In 2003, VAI subsidiary Voest-Alpine Services & Technologies Corp. became majority owner of Steel Related Technology of Blytheville, Arkansas.

After the Siemens purchase of VA Technologie AG completed in July 2005, VAI became Siemens VAI, a part of the Siemens Industrial Solutions and Services Group. Siemens VAI was later named Siemens VAI Metals Technologies GmbH & Co. and also referred to as VAI Group, which was created from VAI and Siemens electrical engineering and automation businesses. Siemens Group Industrial Solutions and Services also included Voest-Alpine Services and Technologies (VAST). Both Siemens units operated from the Pittsburgh area. VAST provided mill maintenance services to steel and aluminum manufacturers from eleven locations: Baltimore, Maryland; North East, Maryland; New London, Ohio; Milan, Ohio; Benton Harbor, Michigan; Bethel Park, Pennsylvania; Blytheville, Arkansas; Charleston, South Carolina; Decatur, Alabama; and Erie, Pennsylvania, in the United States and Sault Ste. Marie, Ontario, in Canada.

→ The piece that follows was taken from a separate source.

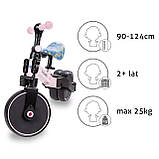 Беговел 3в1 Kidwell Pico від 2 років, Велосипед велобіг, Триколісний велосипед, Дитячий беговел-велосипед, фото 6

===Primetals Technologies===

==== 2014 - Present ====
In 2014, Mitsubishi-Hitachi Metals Machinery and Siemens AG announced the establishment of a joint venture in which equity ownership shares were 51% for Mitsubishi-Hitachi Metals Machinery and 49% for Siemens AG. The joint venture, Primetals Technologies Limited, started operations in January 2015. In 2019, Primetals Technologies together with Mitsubishi Heavy Industries acquired ABP Induction Systems.

On September 30, 2019, Mitsubishi Heavy Industries and Siemens AG reached the agreement that MHI will acquire Siemens’ 49 percent stake in Primetals Technologies. The transaction was completed at the end of January 2020.

In Spring 2021, the international private equity investor Mutares completed the acquisition of Primetals Technologies France from Primetals Technologies, Ltd., subsequently changing the name to Clecim France.

In Fall 2021, Primetals Technologies, Ltd. transferred its shares of Primetals Technologies Italy to Callista Private Equity, a financial investment company located in Munich, Germany.